Season 1994–95 was the 111th football season in which Dumbarton competed at a Scottish national level, entering the Scottish Football League for the 89th time, the Scottish Cup for the 100th time, the Scottish League Cup for the 48th time and the Scottish Challenge Cup for the fifth time.

Overview 
Dumbarton began the league season in the newly structured Division 2 (and the first season where 3 points would be awarded for a win) as one of the favourites to take the title, however things did not begin well with only one win being taken from the first 5 games.  However, by the end of the year, results had taken them back into the challenging pack, and by the beginning of March, had broken clear to take the lead.  This Dumbarton would hold until the final 3 games.  Then a poor draw against Queen of the South saw them replaced at the top by Morton.  The next game against a strong Morton side was lost, as was the title, meaning that only a win in the final game away against Stirling Albion would secure promotion.  This was done, not without a few nervous moments, and Division 1 football for next season was the prize.
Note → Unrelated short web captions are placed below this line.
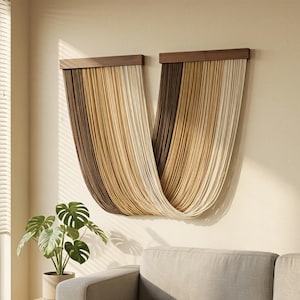 May include: A wall hanging consisting of two dark wooden horizontal bars from which long, thin, vertical cords in a gradient of brown, tan, and cream colours drape in a U-shaped curve, creating a layered, textured, and linear visual display.
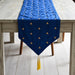 Royal blue velvet table runner with small gold-coloured motifs and a tasselled point.
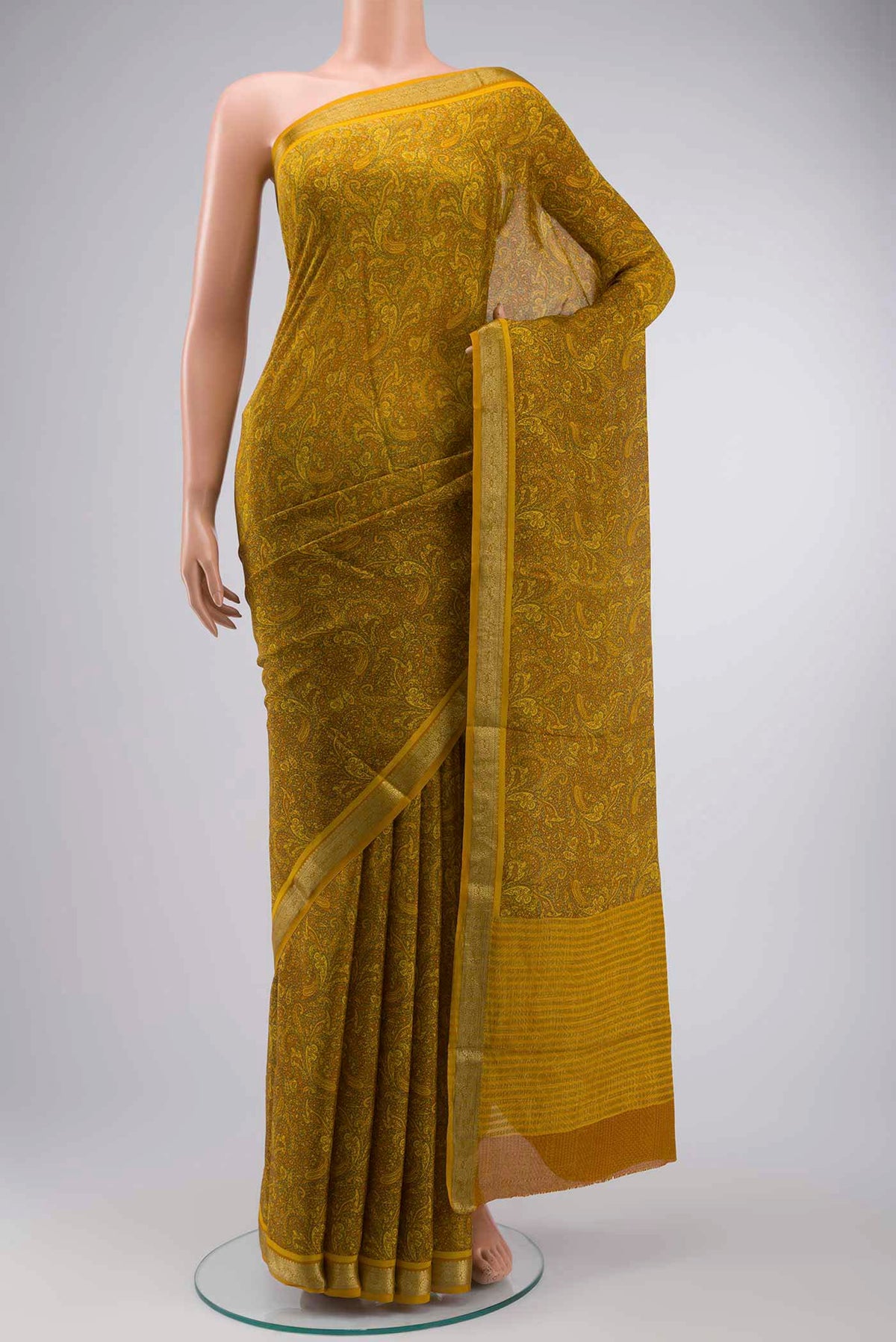 Mustard Mysore Crepe Saree with Printed design on the body and Zari Border displayed on a mannequin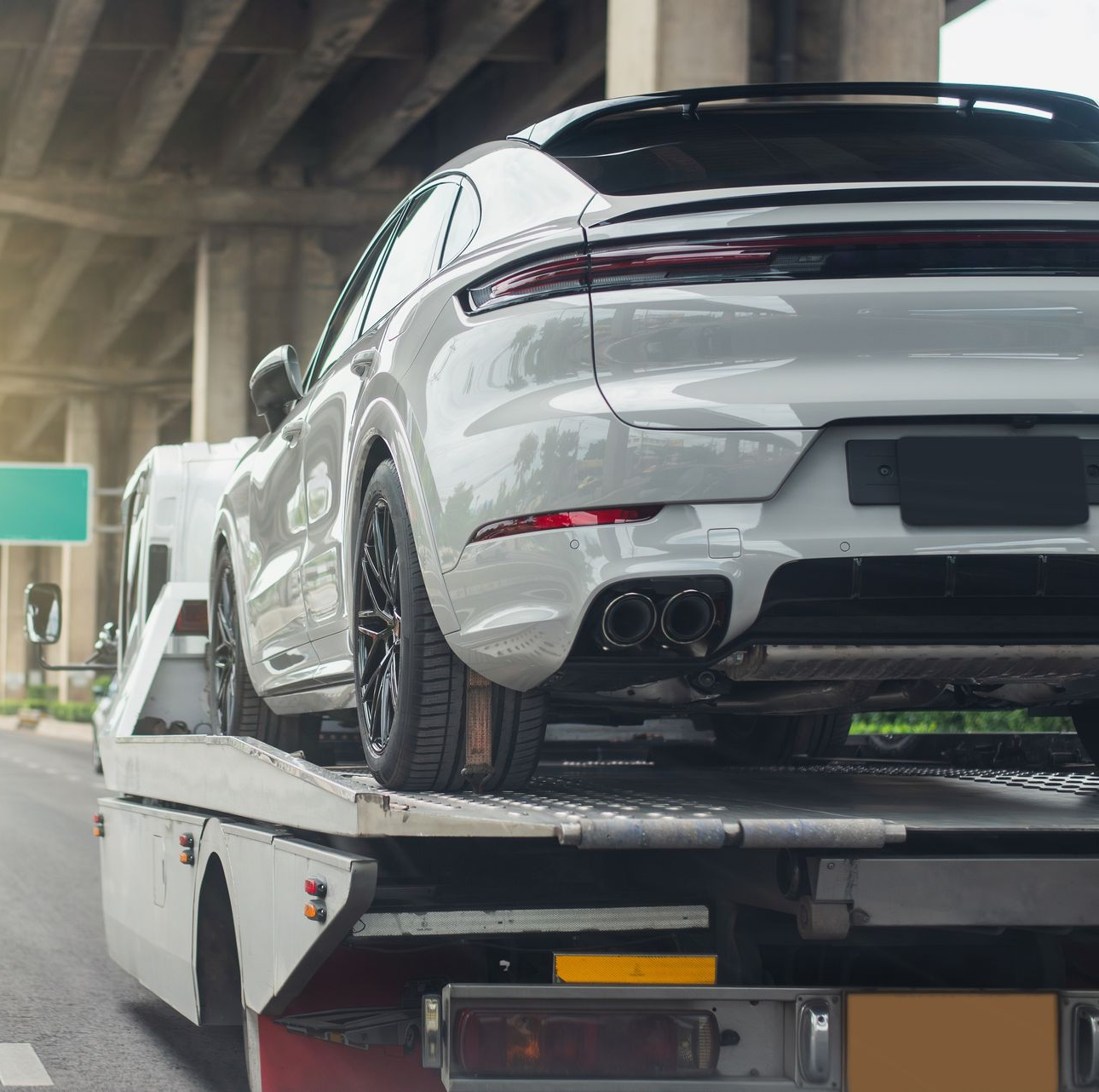 White sports car on a tow truck under an overpass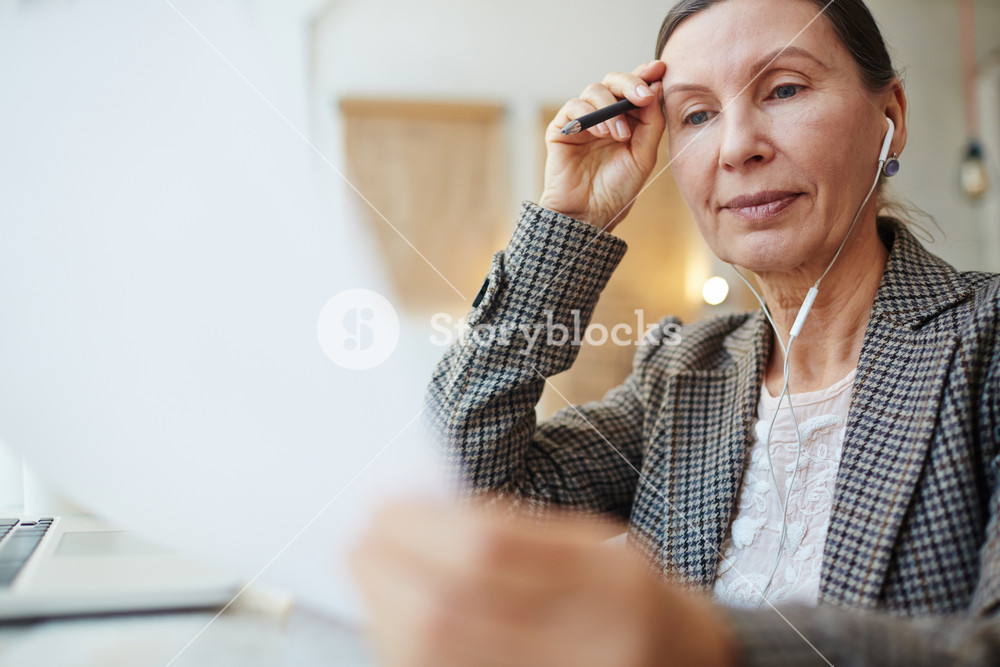 Businesswoman reading paper and listening to music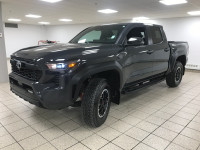 Stock Number 250510A Celebrate your adventurous spirit with the 2024 Toyota Tacoma TRD Off-Road, bui... (image 1)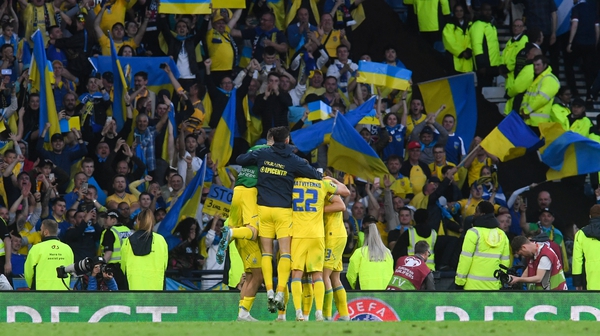 The Ukraine players celebrate going 3-1 up in Scotland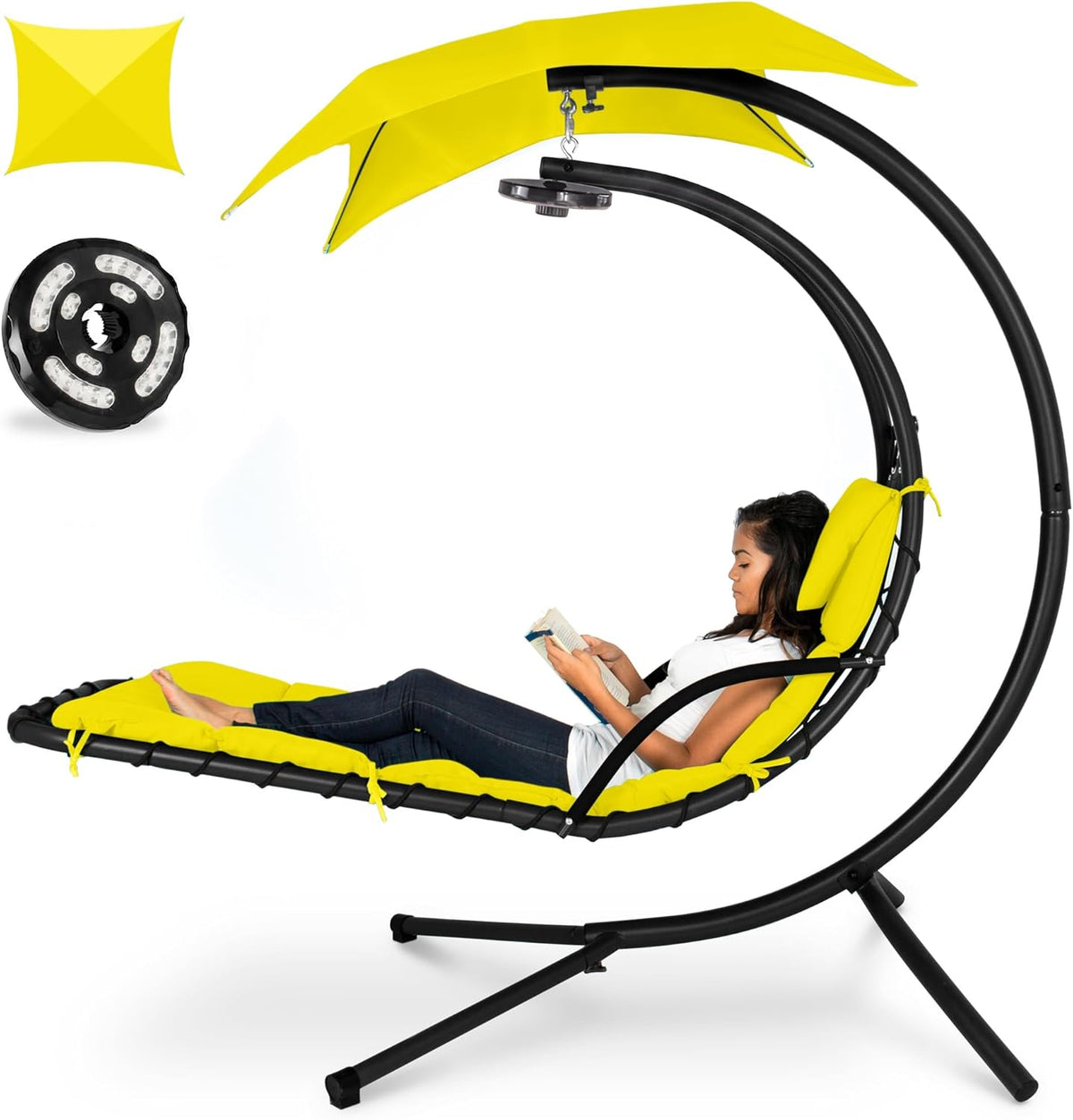 Curved hanging chaise with yellow cushions and canopy, woman reclining and reading a book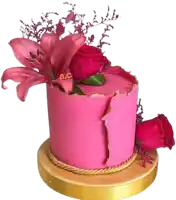 a pink cake with roses and a lily on top has the letters ac on it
In the national cup competitions, however, for the third year in a row, success was extinguished at the first attempt.  In the Scottish Cup Stirling Albion would advance in Dumbarton's place in the first round, after a drawn match.

In the League Cup, Premier Division Hearts defeated Dumbarton easily in the second round.

And it was a fifth straight first round defeat in the B&Q Cup - this time to St Johnstone.

Locally, in the Stirlingshire Cup, the story was no better, with two qualifying defeats to Falkirk and Stirling Albion.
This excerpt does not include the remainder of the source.